Idaho and Washington have passed laws allowing people to salvage roadkill, provided they fill out a short form with the state wildlife agency to get a permit.
Washington’s law, which took effect July 1, 2016, allows for deer and elk only, The Spokesman-Review reported. Between then and the end of 2017, 3,099 animals were salvaged off Washington roads, the Washington Department of Fish and Wildlife said.
Idaho’s law, which took effect six years ago, is much broader, listing nearly 50 species of mammals and birds as salvageable. Most animals are fair game, provided they’re not endangered, threatened or otherwise protected by federal or state law.
Deer and elk top the list in Idaho. But Idaho residents have also hauled away 419 moose, 55 black bears, 51 wild turkeys and 39 beavers since the law went into effect.
Under a law passed last year, Oregon will begin allowing permit holders to salvage roadkill in 2019.
Salvagers don’t have to say what they intend to do with the animal. Gregg Servheen, the wildlife program coordinator at Idaho Fish and Game, said salvagers, in addition to eating, may be practicing taxidermy, looking for hides to display, gathering items for crafts or regalia or making their own fishing lures.

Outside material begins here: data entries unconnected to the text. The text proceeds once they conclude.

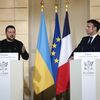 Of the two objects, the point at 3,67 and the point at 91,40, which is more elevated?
the point at 91,40

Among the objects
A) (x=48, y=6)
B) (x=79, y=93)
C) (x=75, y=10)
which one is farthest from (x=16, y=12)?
(x=79, y=93)

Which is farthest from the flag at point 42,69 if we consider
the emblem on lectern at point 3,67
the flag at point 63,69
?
the emblem on lectern at point 3,67

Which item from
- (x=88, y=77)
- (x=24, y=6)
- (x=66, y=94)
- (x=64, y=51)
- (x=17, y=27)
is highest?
(x=24, y=6)

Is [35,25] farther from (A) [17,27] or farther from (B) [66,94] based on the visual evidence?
(B) [66,94]

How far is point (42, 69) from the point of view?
4.96 m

Idaho’s roadkill data is more detailed than Washington’s, with a greater variety of species and occasional notes from the salvager. The species is often a best guess from the salvager.
In Washington and Idaho, the locations of salvaged animals are reported by the people who take them home. People fill out the permit form online and have the option of clicking a point on a map or listing a highway and milepost.

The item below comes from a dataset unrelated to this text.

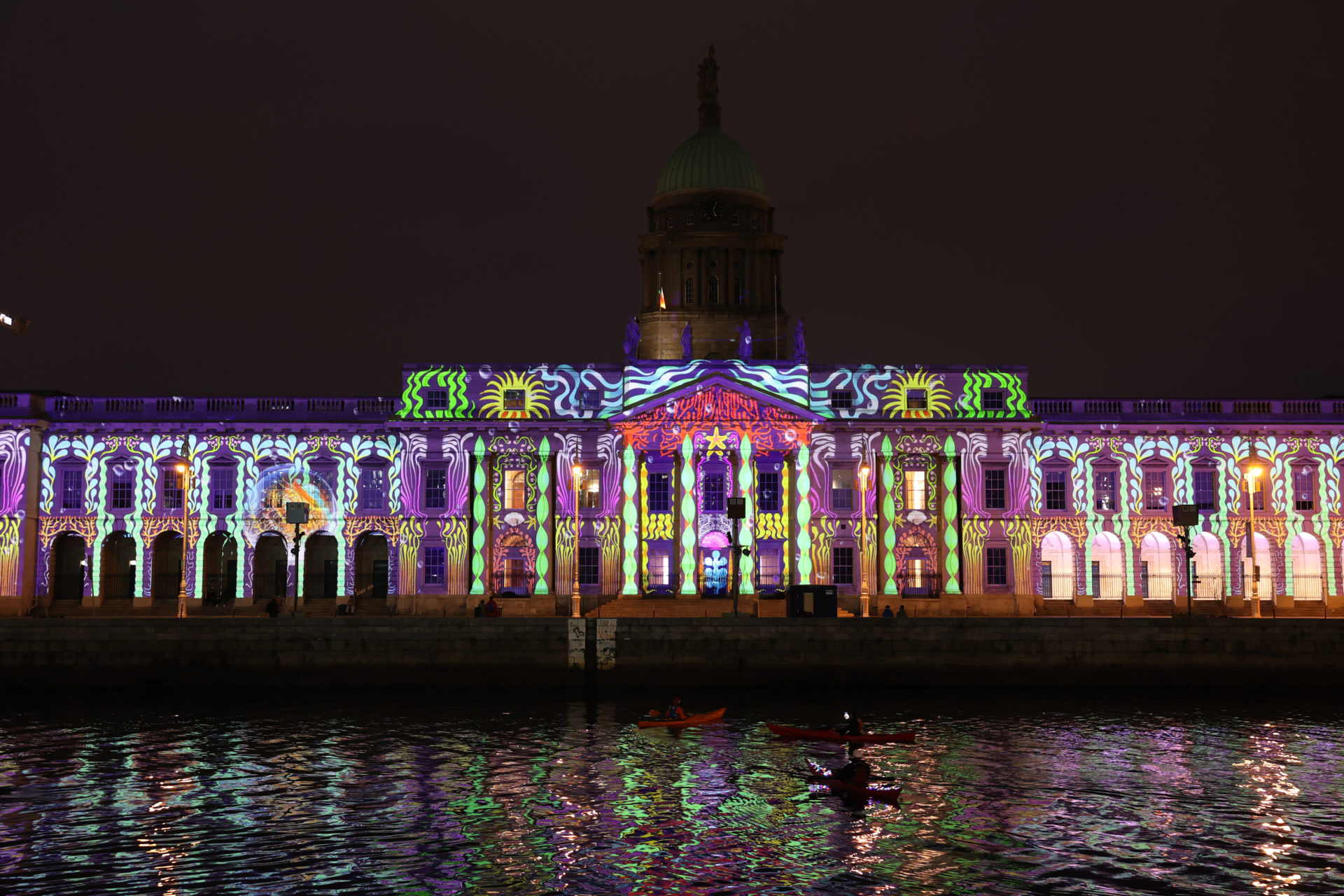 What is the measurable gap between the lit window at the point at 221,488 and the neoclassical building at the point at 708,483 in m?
0.11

Most of the animals end up along highways and major roads, as well as along smaller roads traveling through national forest land. Mapping Idaho’s roadkill produces a scattering of dots across Montana, Alberta and Oregon. Washington’s extends into the Pacific Ocean off the coast of Aberdeen.
Wildlife officials in both states say they haven’t seen negative impacts from the law on other wildlife populations. Health districts haven’t complained, either.
Their hope is that having fewer carcasses sitting alongside the road will prompt raptors and scavengers to stay away. That might mean people see fewer eagles in the wild, but it doesn’t mean they’re not there.